Jason arterburn
Executive Summary
China’s commercial system exposes the United States to systemic national security risks that require new approaches for threat identification and response. In the absence of formal market protections, Chinese commercial actors operate with the threat of “exposure, incrimination[,] and, by extension, the coercive power of the party-state.” When Chinese companies pursue globalization, they expose the international community to “national security externalities” of the party-state’s involvement in China’s domestic economy, which lacks the neutrality, due process, and clear legal delineation of state-business relations in market-oriented liberal democracies.
Policymakers internationally have achieved broad consensus about the urgency of mitigating the national security risks of exposure to China’s commercial system, and observers have paid significant attention to changes in China’s political economy under General Secretary Xi Jinping. However, comparatively less work has connected the most recent scholarship on Chinese state-business relations to those national security policy concerns. Additionally, while groups like the House Permanent Select Committee on Intelligence have highlighted the need for nontraditional intelligence consumers like state governments and university administrators to gain access to information about threats from China, there remains relatively limited discussion about how to achieve broader stakeholder engagement.

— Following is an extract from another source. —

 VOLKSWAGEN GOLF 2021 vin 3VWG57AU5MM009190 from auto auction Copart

This report presents a systematic analysis of Chinese state-business relations to develop a novel, operational framework for national security due diligence in China’s commercial sector. To do so, we draw not only on the most recent scholarship in international political economy but also on original analysis of high-scale, low-cost data from publicly available sources.

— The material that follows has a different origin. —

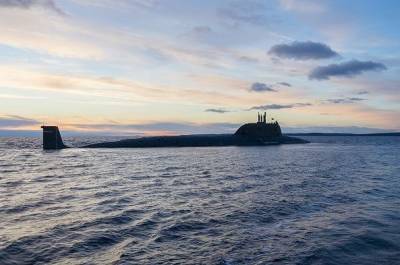 В состав ВМФ РФ вошёл новый подводный ракетный крейсер "Казань"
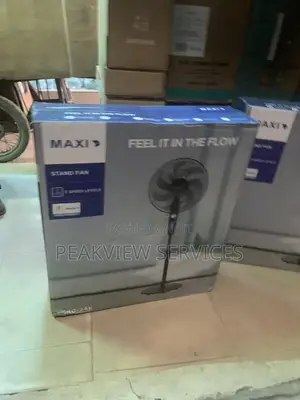 Breeze Through the Heat – Maxi Fs40-24e Oscillating Fan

Key findings are as follows:
The Chinese party-state engages with commercial actors through networks that are exceedingly complex, diversified, and politicized. We analyze public disclosures from 70,000+ Chinese companies, universities, and civil society organizations to demonstrate that the party-state engages with commercial actors through commercial, financial, academic, social, and political mechanisms that are both similar to and distinct from state-business relations in market-oriented liberal democracies.
Party-state interactions with the commercial sector leave an extensive data footprint in publicly available sources. We develop a novel framework for assessing national security risks related to Chinese commercial actors that considers party-state equity or financing, political exposure, industry sensitivity, market structure, and goal compatibility between the commercial actor and the party-state.

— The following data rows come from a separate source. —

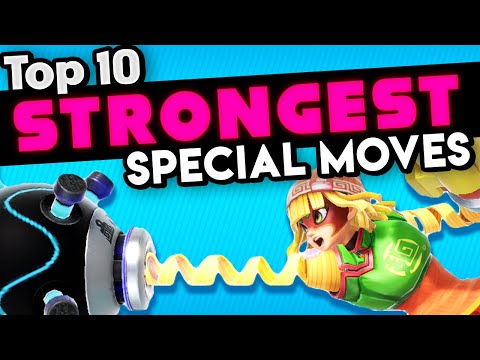 Видео: 10 сильнейших спецприёмов (по нанесённому урону) | Super Smash Bros. Ultimate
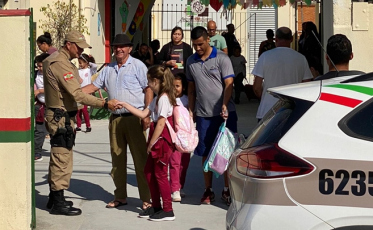 Escola de Balneário Rincão vai receber policial aposentado para atuar na segurança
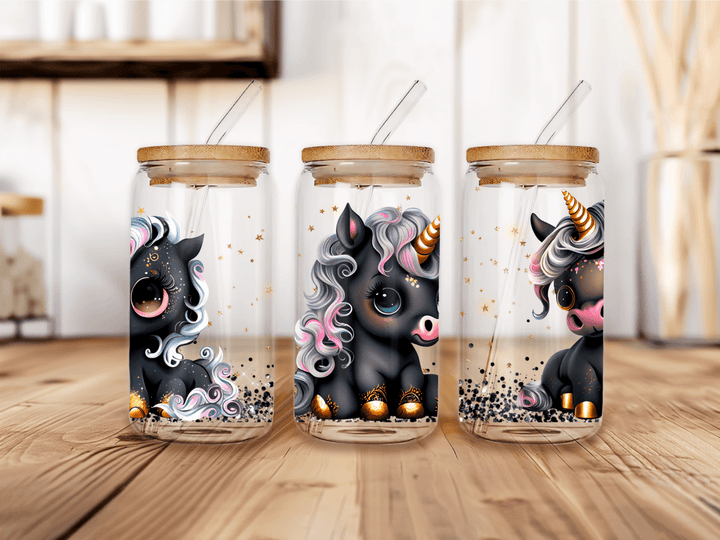 UVW 1535 Black unicorn - Pressing Images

High-scale data integration produces actionable information on national security risks related to technology competition, corruption, threat finance, and political interference. We operationalize our risk framework to identify high-risk networks in China’s military-industrial complex and financial institutions with case studies in quantum technology, organized crime, and political lobbying in the United States.
Based on these findings, we recommend that the U.S. government and its allies invest more significantly in developing a national security due diligence capability on China that leverages publicly available information, which can facilitate effective multilateral policy responses with timeliness and precision.